Tatiana Kungurova : En 2012, mon mari a été arrêté et envoyé en prison. J’ai quitté ma maison et je suis allée à Moscou, là j’ai engagé un avocat pour défendre mon mari et de là je suis allée en Ukraine. Là-bas, j’ai reçu beaucoup d’aide d’autres chrétiens qui comprenaient ce que nous traversions et j’ai récolté des fonds pour payer la défense de mon mari. Pour moi, l’Ukraine est donc le pays qui m’a sauvée. Les preuves contre mon mari n’étaient pas très solides et il a été libéré, il a donc quitté la Russie et m’a rejoint en Ukraine, puis nous sommes allés en Argentine.
Avez-vous obtenu l’asile politique en Argentine ?
Tatiana Kungurova : Non, le statut de réfugié politique ici est réservé aux militants d’extrême gauche ou de gauche. Quand ils ont vu que nous étions contre Poutine, que nous étions conservateurs et chrétiens, et que nous étions des ennemis du kichnérisme, ils ont rejeté notre demande. La réalité objective de la Russie ne correspondait pas à leur discours. Mon mari a bien obtenu le statut de réfugié politique aux États-Unis en 2019, tout comme l’ancien président de notre organisation, Igor Artiomov.
Gardez-vous des contacts avec d’autres réfugiés russes ?
Tatiana Kungurova : Oui, nous avons même essayé de créer une organisation internationale de réfugiés politiques, cela a duré quelques années mais n’a pas abouti. En 2014, nous avons abandonné notre organisation car elle était favorable à l’invasion de la Crimée et de l’Ukraine, alors qu’elles sont toujours illégales en Russie. Beaucoup ont cru la propagande nationaliste de Poutine pour justifier cette invasion, comme ils le font maintenant, mais les Ukrainiens ont droit à leur dignité et à leur liberté, et ils ont leur chemin historique. Les Ukrainiens ne sont pas russophobes et lorsque j’étais là-bas, je n’ai jamais eu de problèmes. Ils m’ont sauvé la vie et je leur en suis très reconnaissant.

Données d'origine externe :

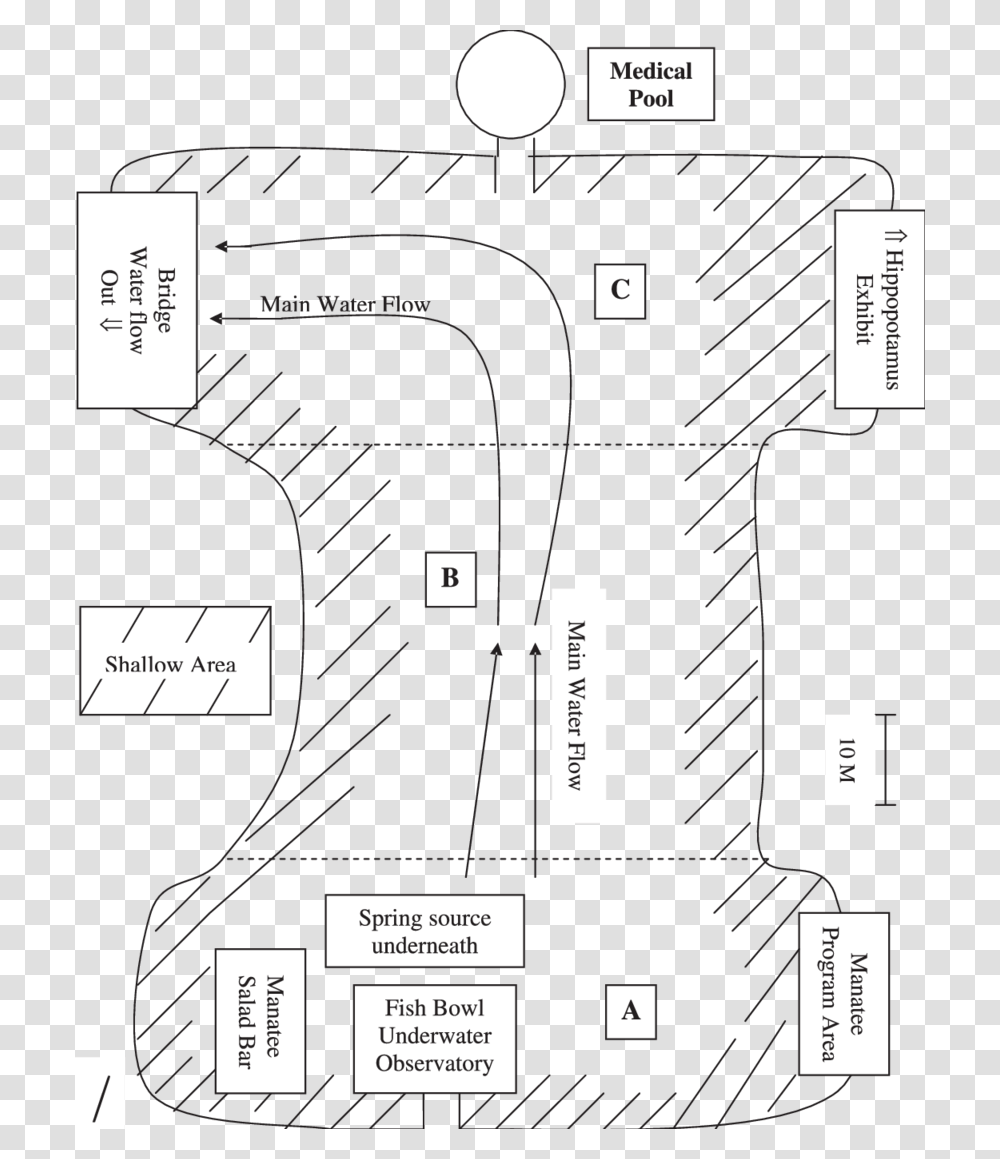 Diagram, Plan, Plot, Floor Plan, Tabletop Transparent Png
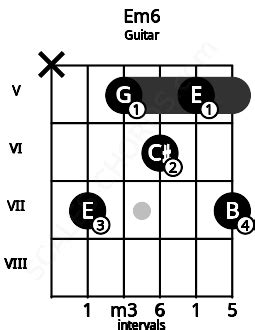 Em6 Guitar Chord | E minor sixth | Scales-Chords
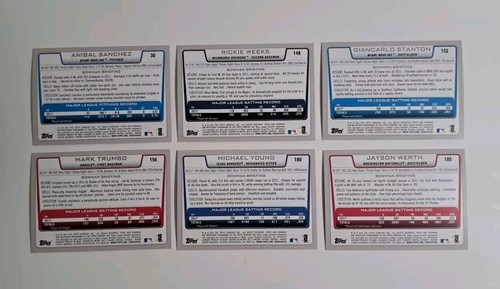 2012 Bowman Gold Boarder Inserts Lot Of 19 - Picture 5 of 7
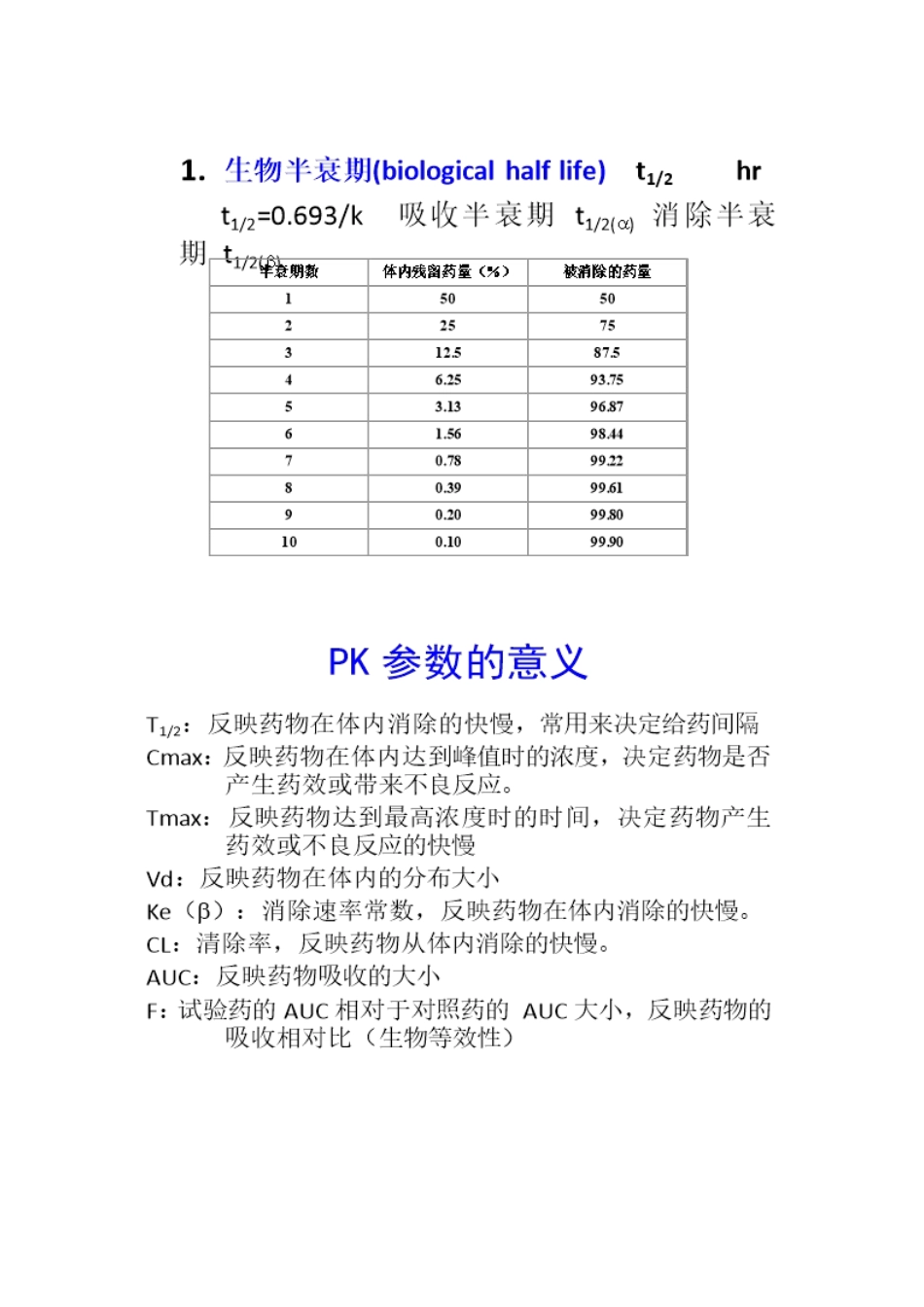 药代动力学参数及其意义_第1页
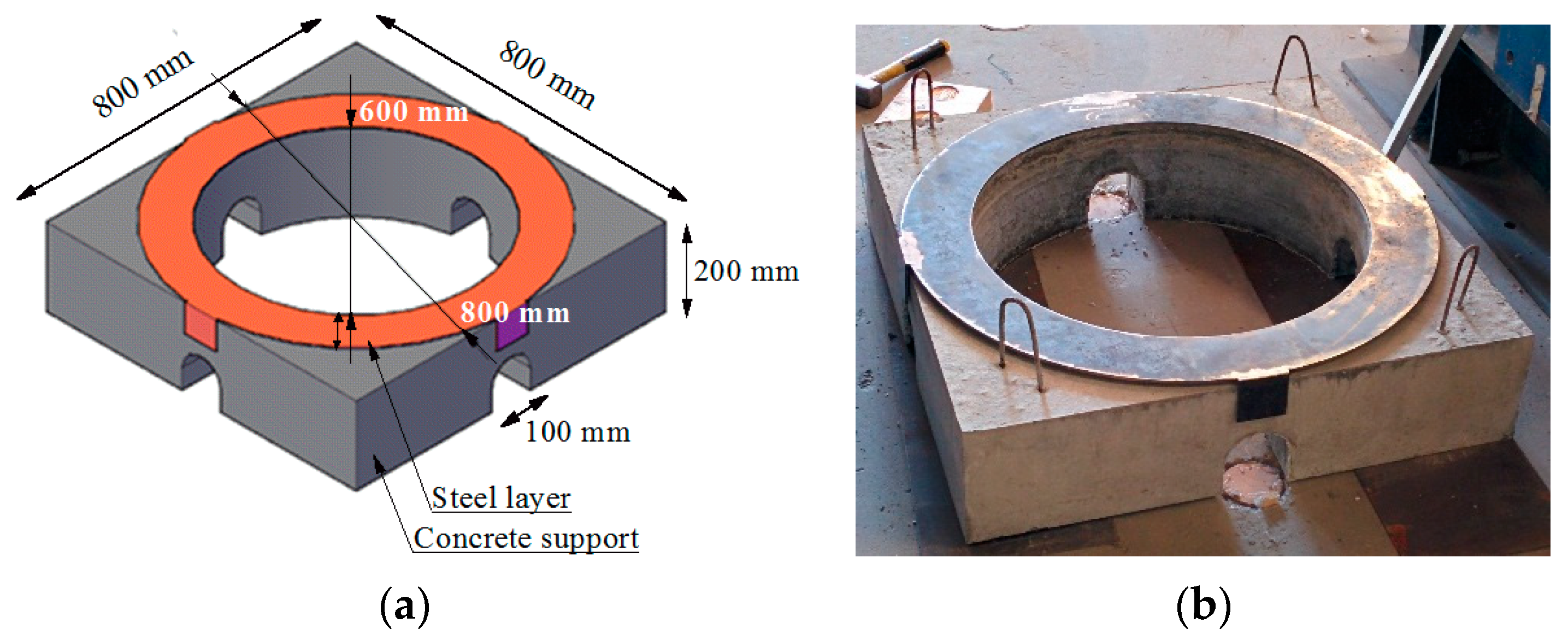 Applsci 14 06903 g005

Beaucoup d’Occidentaux pensent que Poutine est un conservateur et un défenseur des chrétiens.
Tatiana Kungurova : Poutine n’a pas de principes et utilise ce qui lui convient le mieux, par exemple, pour combattre l’Ukraine, il utilise une rhétorique nationaliste et a parlé en 2014 du « printemps russe« , de l’unification du monde russe et de tous les Slaves. Mais en réalité, ce qui est bien là, c’est une base soviétique. Les bolcheviks ont aussi utilisé le nationalisme pour combattre les Blancs et l’impérialisme tsariste, mais ils ont ensuite écrasé tous les nationalistes pour créer l’Union soviétique. Poutine est pareil, il veut revenir aux anciennes frontières de l’URSS et pour cela il doit soumettre l’Ukraine, et il utilise la rhétorique nationaliste ou communiste selon ce qui lui convient. Poutine se drape dans le drapeau russe et il est très difficile pour un étranger de comprendre que cette Russie est essentiellement la même que l’Union soviétique. Il n’y a pas eu de décommunisation et les anciens membres du parti sont tous au pouvoir.
Même dans l’église…
Oui, le Patriarcat de Moscou a été créé par Staline en 1943, pendant la Seconde Guerre mondiale. Le patriarche et le conseil des évêques étaient choisis par le parti communiste et beaucoup étaient même des agents du KGB. Le patriarche actuel, Kirill, a également été accusé d’être un agent du KGB. (Selon le Times, les trois candidats au poste de patriarche en 2009, année où Kirill a été élu, étaient liés au KGB).
Pensez-vous que les images de ce qui s’est passé dans les villes ukrainiennes peuvent nuire au gouvernement de Poutine ?
Tatiana Kungurova : Malheureusement, beaucoup de Russes n’ont pas accès à l’information, et même là, on ne parle pas de guerre, mais d’une opération de paix. Il y a une très forte pression de l’idéologie et de la propagande, comme en Union soviétique, et cela rend la réaction très difficile. Il y a des gens qui sont contre la guerre et qui manifestent dans les rues, mais ils n’ont pas d’outils pour défendre leur position. Les manifestants sont arrêtés, même les enfants. Vous ne pouvez pas protester. La Russie est l’un des pays où les droits de l’homme sont le moins respectés, c’est le totalitarisme, l’Union soviétique dans un nouveau format.